___ Working data ___
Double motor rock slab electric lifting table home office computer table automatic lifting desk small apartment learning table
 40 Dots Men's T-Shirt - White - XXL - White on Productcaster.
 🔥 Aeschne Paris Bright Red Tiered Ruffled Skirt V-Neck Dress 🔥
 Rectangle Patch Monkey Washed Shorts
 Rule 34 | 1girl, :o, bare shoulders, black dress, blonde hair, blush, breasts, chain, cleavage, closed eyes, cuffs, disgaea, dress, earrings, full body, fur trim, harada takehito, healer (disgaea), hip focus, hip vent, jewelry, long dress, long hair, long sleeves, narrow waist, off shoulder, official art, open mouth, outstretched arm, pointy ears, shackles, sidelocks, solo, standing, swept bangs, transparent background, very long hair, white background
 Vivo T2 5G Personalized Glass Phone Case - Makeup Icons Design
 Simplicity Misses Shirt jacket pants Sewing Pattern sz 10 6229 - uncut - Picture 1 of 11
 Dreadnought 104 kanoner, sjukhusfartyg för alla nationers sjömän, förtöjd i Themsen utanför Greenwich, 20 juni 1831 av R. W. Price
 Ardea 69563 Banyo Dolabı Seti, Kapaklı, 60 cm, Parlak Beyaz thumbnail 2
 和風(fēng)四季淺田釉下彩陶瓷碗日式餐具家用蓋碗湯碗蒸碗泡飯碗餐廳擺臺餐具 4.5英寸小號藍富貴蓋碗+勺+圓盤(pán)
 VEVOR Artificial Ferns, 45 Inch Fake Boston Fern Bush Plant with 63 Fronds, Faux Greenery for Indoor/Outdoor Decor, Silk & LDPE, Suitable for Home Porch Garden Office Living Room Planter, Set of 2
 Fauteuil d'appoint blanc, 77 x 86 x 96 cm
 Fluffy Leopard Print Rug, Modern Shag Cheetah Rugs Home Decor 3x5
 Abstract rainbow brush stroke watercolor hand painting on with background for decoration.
___
Work task:
Could you work out how many lines of the data above contain the word "Shirt"? Give only the number.

Response below:
2